On Thu, 2022-06-02 at 15:42 +0200, Markus Kolb wrote: [...] It is handled implicitly. When that config symbol is enabled, both INTEL_IOMMU_DEFAULT_ON and INTEL_IOMMU_DEFAULT_OFF are disabled. Well spotted. This is because at some point in development I changed the name of the option from igpu_off to intgpu_off. The patch description also has the earlier name. I'll correct that. No, the whole point of INTEL_IOMMU_DEFAULT_ON_INTGPU_OFF is to turn that off by default while still enabling the IOMMU for other devices. Based on the log from your self-built kernel, it seems like your system should work with the kernel parameter "intel_iommu=on". Can you test whether that makes a difference with the Debian kernels? Ben.

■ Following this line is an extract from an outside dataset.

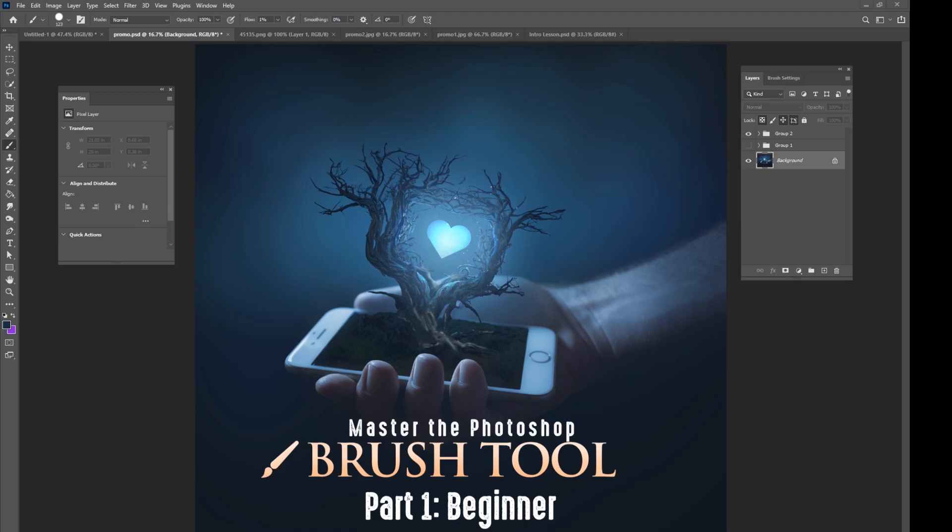This one is for beginners, so if you have Photoshop and you've never really messed with the brush tool and you want to know what it's all about, this tutorial is going to be for you.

Am 02.06.2022 17:27, schrieb Ben Hutchings: [...] [...] Yes, I got this, but not sure if the code logic is really correct. With this INTEL_IOMMU_DEFAULT_ON is "implicitly" falsy and the code is supposed to run like it would be truthy. With Debian kernel it doesn't boot with intel_iommu=on and also not with intel_iommu=on,intgpu_off (which should be the same like nothing specified). Really only possibility intel_iommu=on,igfx_off.
Am 2. Juni 2022 13:42:54 UTC schrieb Markus Kolb <debian@tower-net.de>: [...] [...] I've patched the kernel.org 5.10.113 just with these 2 Debian patches and at least I can confirm, that these changes are the cause. Although I don't understand at the moment where the difference of intel_iommu=on with patch and the defaults without patch could be. Will have a closer look tomorrow.
I'm running Debian stable on a VM from an Apple MacBook Pro M1 14" 2021. The software I'm using is UTM, which uses QEMU under the hood. Yesterday I did a system upgrade: aptitude -y update && aptitude -y full-upgrade && apt -y autoremove I noticed the kernel was upgraded to 5.10.0-14 so I rebooted the VM. After that Debian was unable to boot. Choosing the previous kernel image available from Grub (5.10.0-13) allowed Debian to boot normally. Regards, Vincent
Control: clone -1 -2 Control: notfound -2 linux/5.17.3-1 Control: retitle -2 linux-image-5.10.0-14-amd64: boot failure in VM after upgrading from -13 Control: tag -2 moreinfo This seems to be completely unrelated to that bug, so I've cloned it into a new bug. When responding please only respond to that new bug report/number. With 'update' it seems pointless With 'full-upgrade' you REALLY should review what is about to happen before agreeing to that as it could remove packages (important for you) I'd recommend reviewing the 'autoremove' result too before committing it Bug 1012210 is about a boot failure on a (wide) variety of kernels, likely related to igpu. Your issue is a regression from -13 to -14. I assumed that you're running Debian Stable *in* a VM (on what host OS?). Please clarify whether that is correct or not. Also provide more info about YOUR boot failure and sent that to the NEW bug number that you should receive.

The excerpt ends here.